Fisheries Management & Legislative Report
by Tom Fote
(from Jersey Coast Anglers Association May 2006 Newsletter)
I attended a meeting on March 29 – 30 in Washington DC hosted by the National Marine Fisheries Service. At this meeting we heard the preliminary report from the National Research Council – a branch of the National Academy of Sciences on recreational statistics. The MRSS took a good beating in the report. Some of the criticism failed to recognize that the MRSS was never designed for quota management. It was designed to show trends in recreational fishing. When you combine all the states you get a decent estimate of the trends. But if you try to use data for individual states as a management tool, it just doesn’t work. The big push is to register all recreational anglers. Some states are using this as an excuse to adopt a saltwater license. NMFS spends very little money on recreational data when compared to the amount they spend to collect commercial data. They ignore that recreational and commercial fishing have approximately the same economic impact. They also ignore the quality of life issues inherent in recreational fishing. I think NMFS under Dr. Bill Holgarth is trying to address this problem. I have enclosed a letter from Dr. Holgarth from the NOAA website. There is also information linking you to the National Research Council Executive Summary.

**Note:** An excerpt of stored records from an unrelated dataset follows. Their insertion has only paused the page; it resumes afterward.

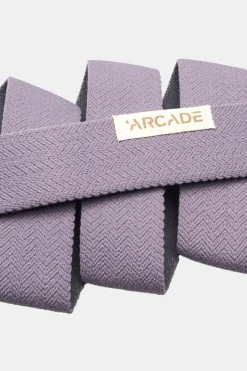 Ceinture Grounded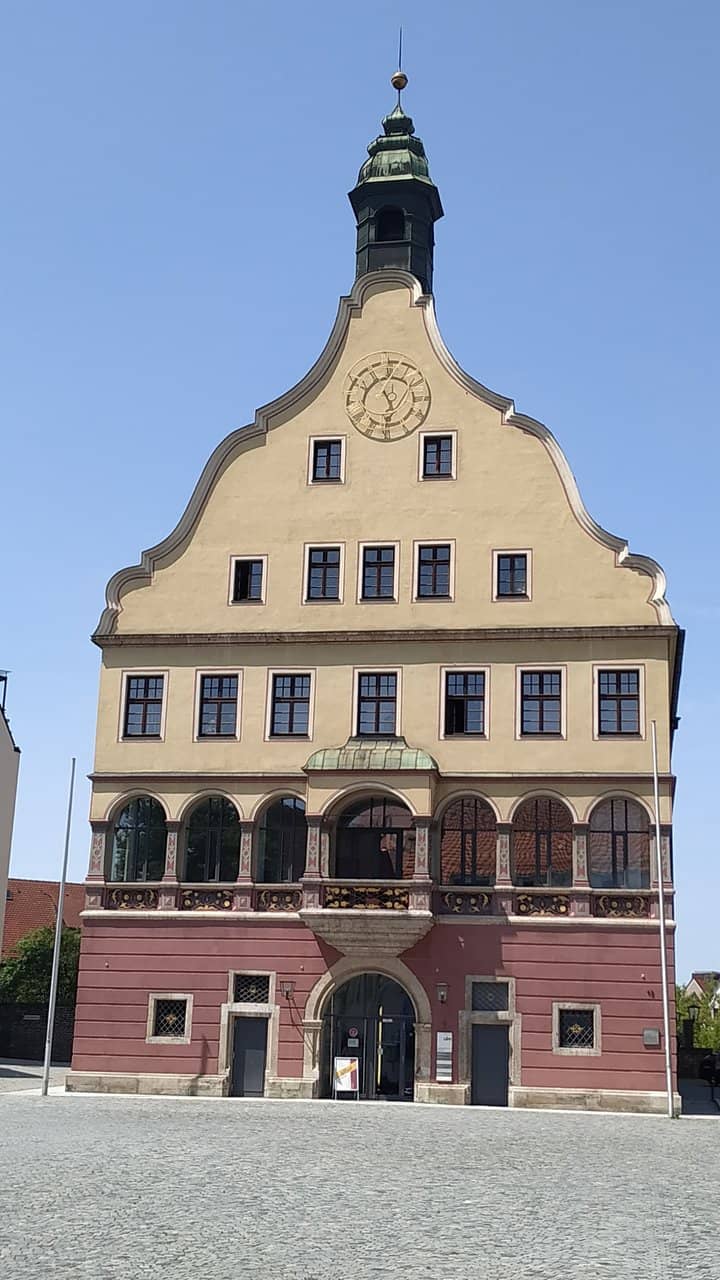 Interactive Exhibitions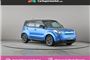 2018 Kia Soul 81kW EV 30kWh 5dr Auto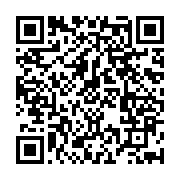 야영장 온라인예약 페이지 바로가기 주소(https://www.jangseong.go.kr/q/ezI0OTh8fHxkYXk9MjcmbW9udGg9MTAmeWVhcj0yMDA3fQ==&e=M&s=3), QRCODE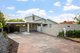 Photo - 86 Prestonwood Street, East Bunbury WA 6230 - Image 1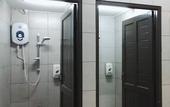 Туры в отель Backpacker's Stay Services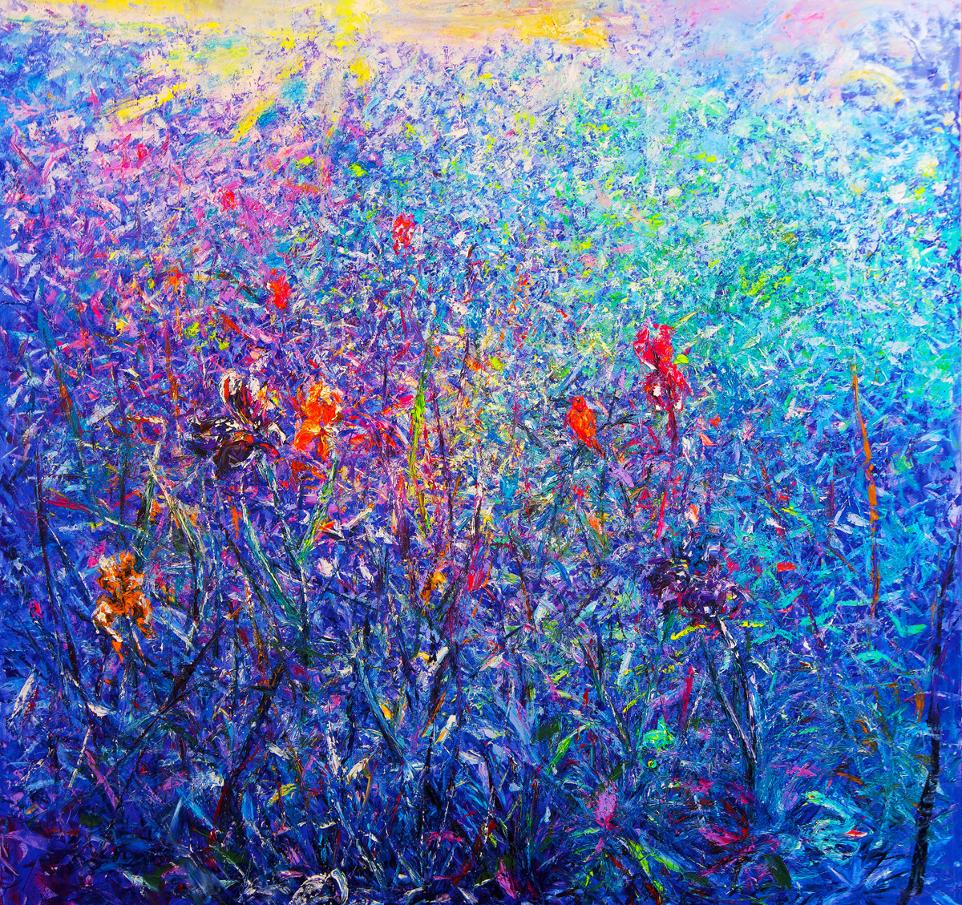 MORY-ART_LYONDARTETDELUMIERES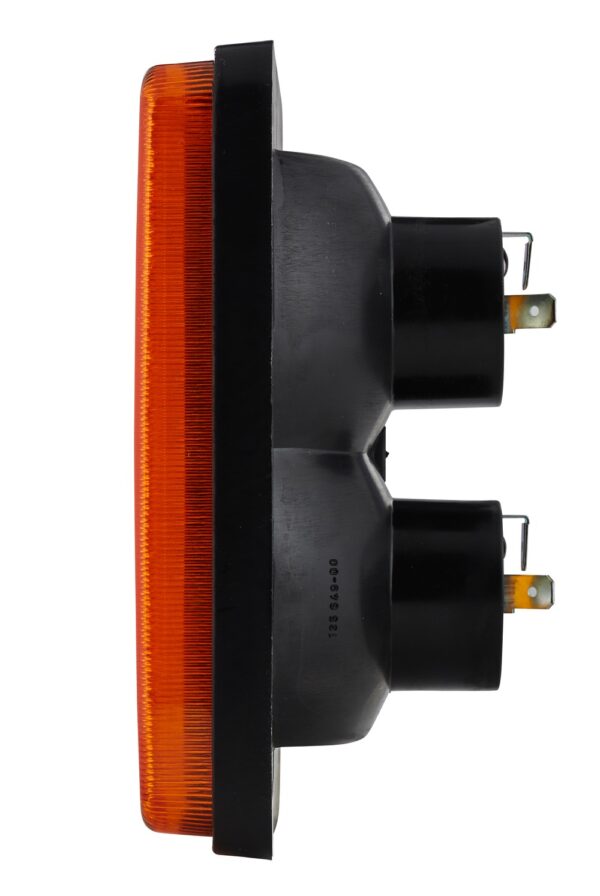Direction Indicator - Halogen - 12/24V (image 3)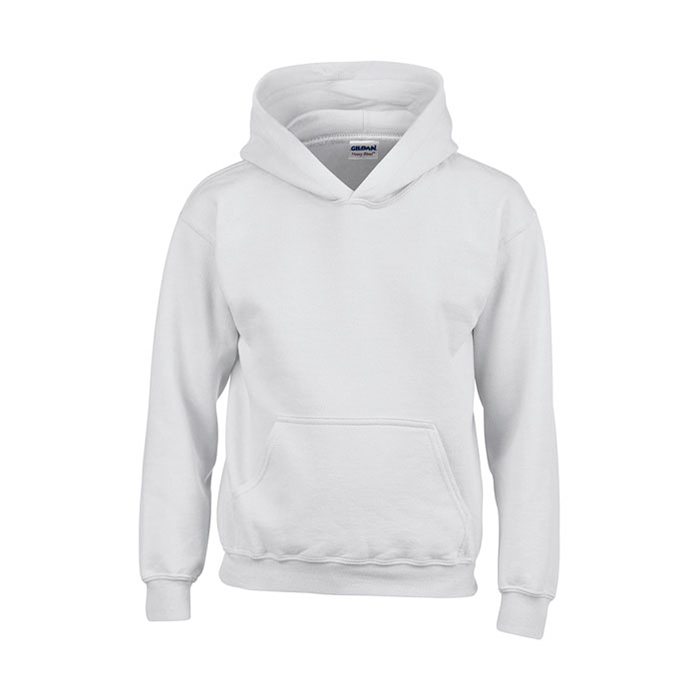 MP2599270-sudadera-nios-255270-gm2-blanco-1.jpg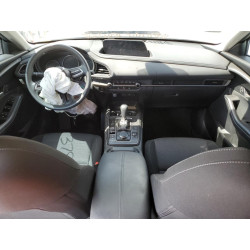 2021 MAZDA CX30 3MVDMAALXMM266552 59316333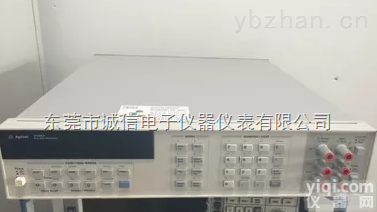 <em>3458A</em>  收购<em>3458A</em><em>安捷</em>伦<em>3458A</em><em>万用表</em>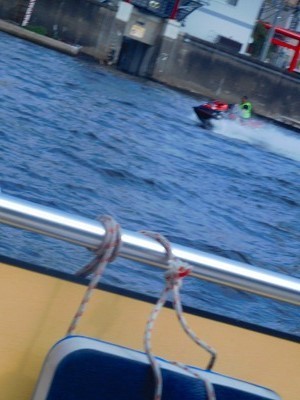 DSCN2567.jpg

JCAA scheduled a meeting with The Atlantic Sea Island Group LNG project, Safe Harbor Energy for April 26. This meeting was canceled because the Atlantic Sea Island Group did not want to open it up to all our club reps and invited guests. JCAA had invited ALS, COA, PIRG and the Baykeeper. The Atlantic Sea Island Group wanted to meet with only a few of us and they also would not have a lot of details for that meeting. JCAA would not exclude people from the meeting so they canceled. This will eventually have to go to public hearings. JCAA will be watching the progress of this proposed project since we have real concerns about building an island in our ocean that will destroy habitat and close areas to fishing. Included in this newspaper is an article from the Asbury Park Press discussing Congressman Pallone’s opposition to this project.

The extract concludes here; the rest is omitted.